Recently, I came across this bit from Erich Schiffman:
“Be clear about this: If you start not liking the stretch for any reason, then move out of the pose until you find a place you do like. Reasons for not liking where you are can be physical or psychological. You may be stretching the muscle too much, or you may not be in the mood. Either reason is valid. Never be in a place you don’t want to be. If you do not like it, change it. Adjust. Find the degree of stretch you can totally immerse yourself in.” (italics his)
— from The Spirit and Practice of Moving into Stillness, by Erich Shiffman
Good advice whether you are speaking of a stretch or a strength pose. Find the degree of the pose that you can immerse yourself in. Be kind to yourself!
This advice hit me at a moment when I needed it most. I had been berating myself for suddenly not liking the ashtanga style of yoga practice. I stopped going to the Mysore classes, and pretty much stopped doing yoga for a while. I was no longer having fun. I was pushing myself too hard when it was not what my body (or my spirit!) needed. When I read the above passage, I got it. I had forgotten about the concept of Ahimsa.

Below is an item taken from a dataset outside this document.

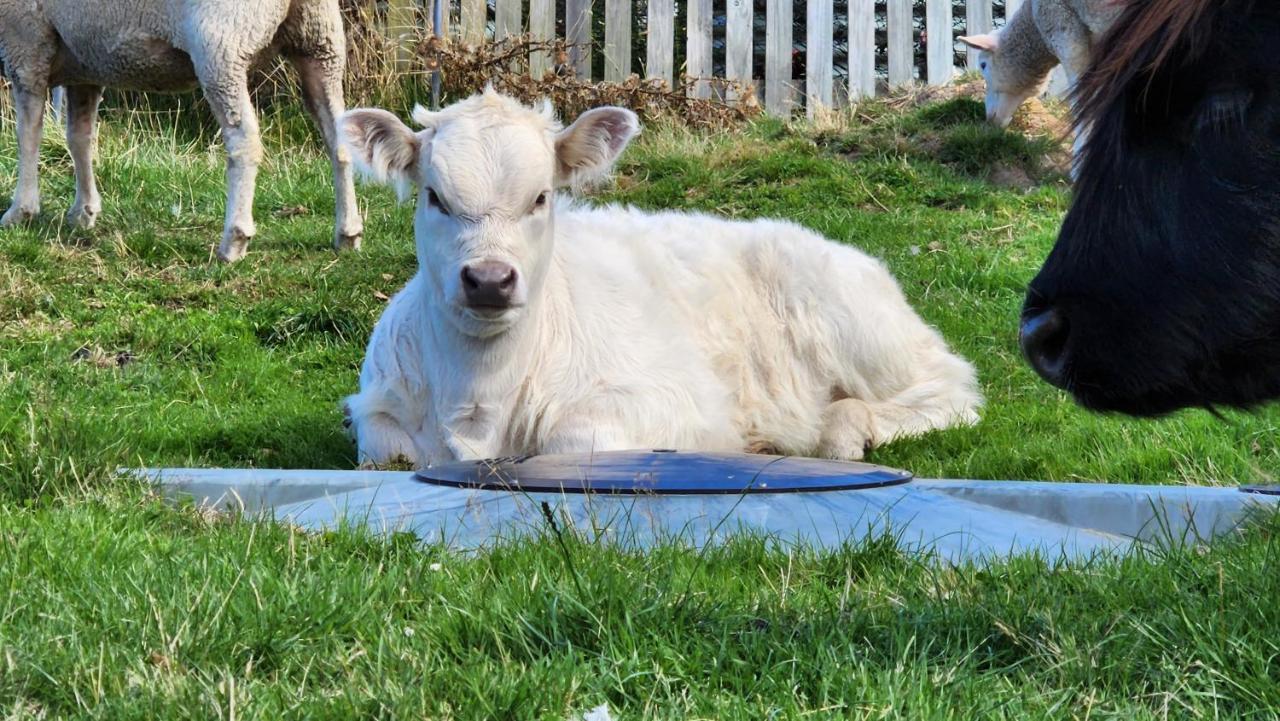 Ruby'S Cottage Farm Stay Port Arthur Exteriör bild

Most yoga styles claim the lineage of Patanjali, who is said to be the author of an ancient sacred text called The Yoga Sutras. This text describes the eight “limbs” or steps of yoga, not just as exercise, but as a philosophy that underlies yoga and indeed all of life. In fact, the name Ashtanga means “Eight Limbs.” The first two limbs described in the text are the yamas and the niyamas, and are considered to be ethical precepts, or guidelines as to how we should behave toward ourselves, each other, and the environment.

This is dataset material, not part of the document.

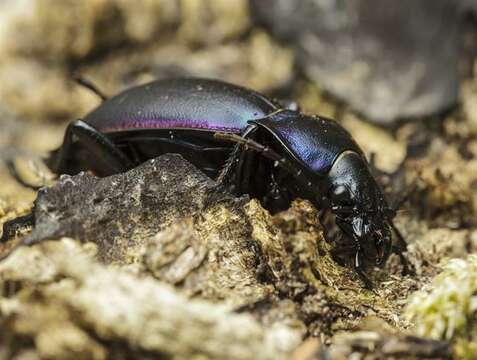 Imagem de Carabus (Megodontus) violaceus Linnaeus 1758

There are five defined yamas, or personal morals/characteristics, the first of which is Ahimsa.
Ahimsa is often defined as non-violence. I think of it as the guiding principle in health care: First, Do No Harm. In general, it means to be kind, to be considerate, and to think of how your actions will affect the people and things around you.
In hatha yoga, it also means to be kind to yourself, to your body, to your energy.

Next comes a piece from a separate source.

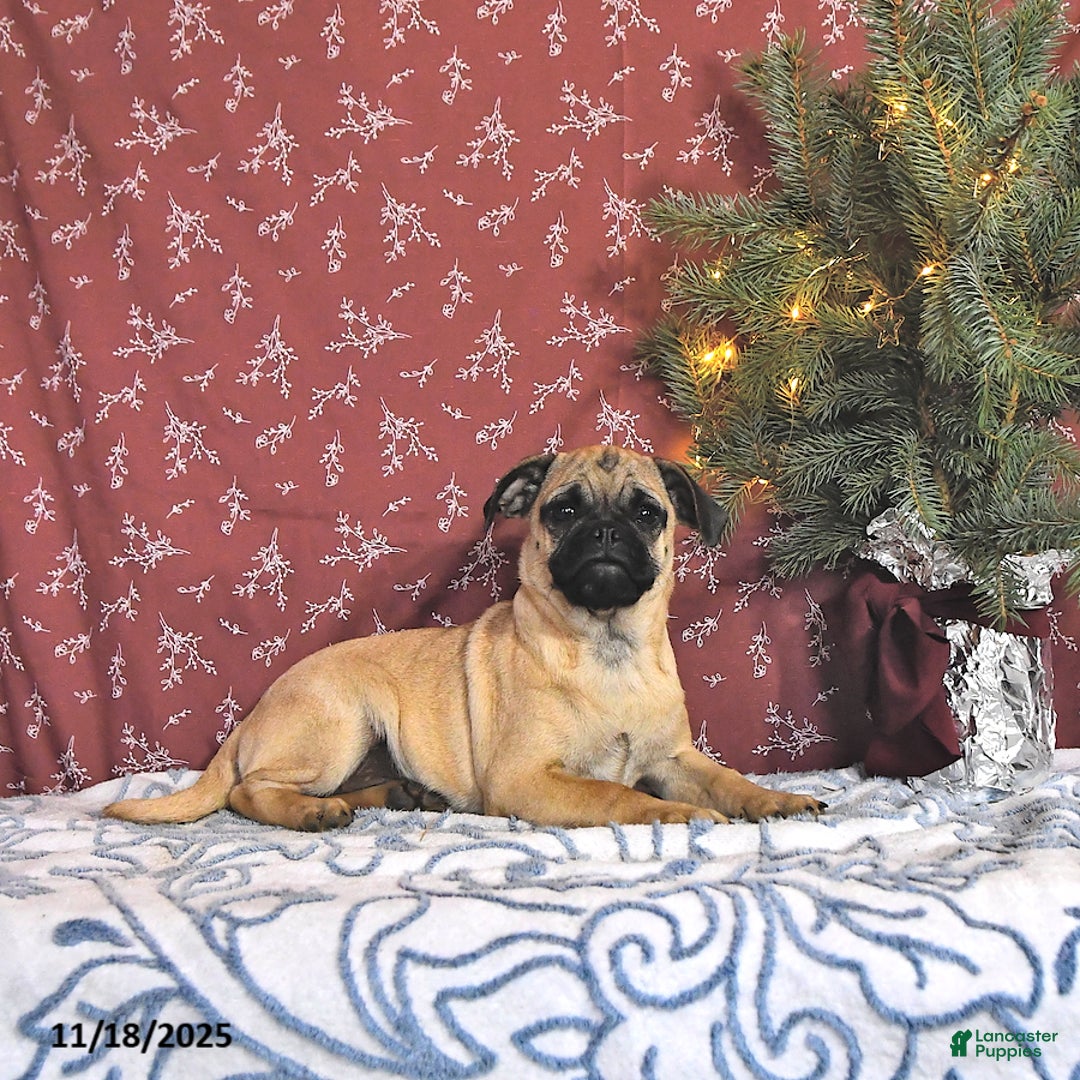 Pug dogs for sale: Goldie - Ad 3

We need to listen to the energy systems within our body. Sometimes, energy is low, and simple stretching and restorative yoga are what are called for. Other times, energy levels are high and we want to ramp up the intensity and see just how far we can push ourselves. Pushing further into intensity when you really want to is very different from pushing yourself when your physical and mental bodies really don’t feel like being there.
What was happening for me when I stopped enjoying my yoga was that I was pushing myself further into the intensity when I was not capable of that level of energy. I was trying to force my way into the poses. Maybe my body WAS ready, as I was told, but my energy was not. That distinction matters. We NEED to listen to the wisdom inherent in our bodies.
I still love the Mysore style of Astanga as a practice, however I have learned that I cannot push myself in that way every day. It is important for me to push when the energy is there, and to honor my truth when it is not there. I need to balance my practice with restorative and intuitive work in addition to the work that involves strong precision and intensity.
More and more, as my body goes through its own changes, I am aware of the importance of ahimsa. Be Kind, goes the saying, for everyone you meet is fighting a hard battle. Some days, its the hard battle in my own body, and it’s me I need to be kind to. Kindness, after all, begins with ourselves. When we learn compassion on the mat, we are more able to be compassionate with those outside of ourselves, in situations off the mat.